§ What you should do
If pictures appear in the lines below, skip them and copy exactly the lines from the one containing "Kristen Stewart and Dylan" through the one containing "Jersey Cuello Redondo", and nothing else.

Stored data: Begin

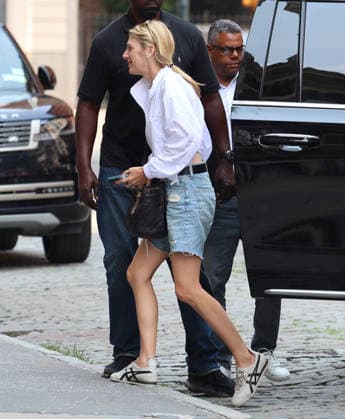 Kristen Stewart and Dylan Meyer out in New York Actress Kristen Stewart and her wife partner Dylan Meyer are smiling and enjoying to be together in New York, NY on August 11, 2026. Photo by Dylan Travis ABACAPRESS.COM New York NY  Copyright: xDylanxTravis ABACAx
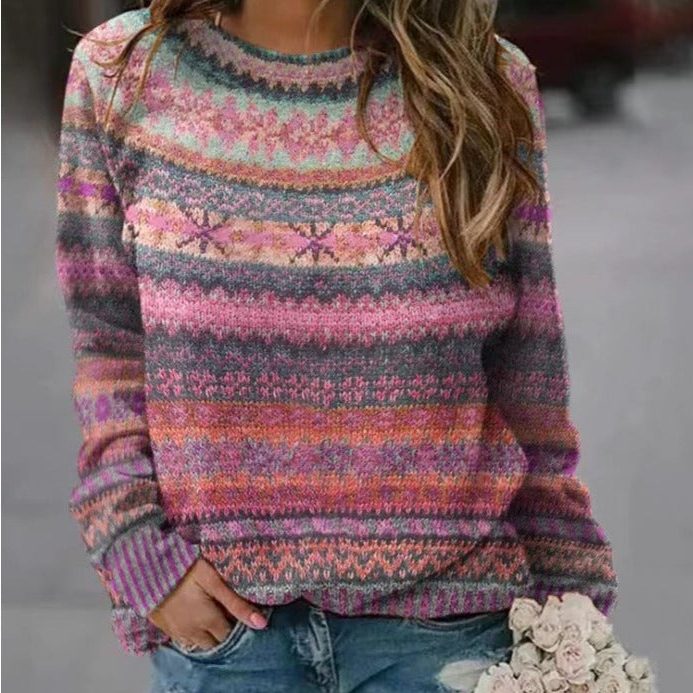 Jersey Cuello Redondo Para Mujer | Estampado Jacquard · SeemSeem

Stored data: End
Stored data: Begin

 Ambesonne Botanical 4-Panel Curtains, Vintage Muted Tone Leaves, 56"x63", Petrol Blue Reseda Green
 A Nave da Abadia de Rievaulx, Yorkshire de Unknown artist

Stored data: End
Stored data: Begin

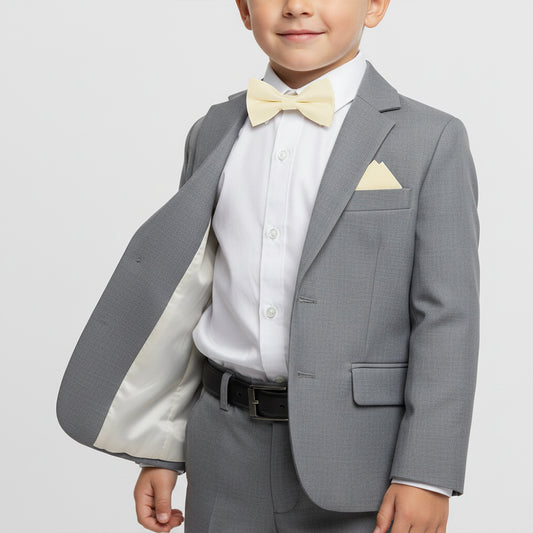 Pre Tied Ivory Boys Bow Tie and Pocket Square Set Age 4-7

Stored data: End

§ The answer
 Kristen Stewart and Dylan Meyer out in New York Actress Kristen Stewart and her wife partner Dylan Meyer are smiling and enjoying to be together in New York, NY on August 11, 2026. Photo by Dylan Travis ABACAPRESS.COM New York NY  Copyright: xDylanxTravis ABACAx
 Jersey Cuello Redondo Para Mujer | Estampado Jacquard · SeemSeem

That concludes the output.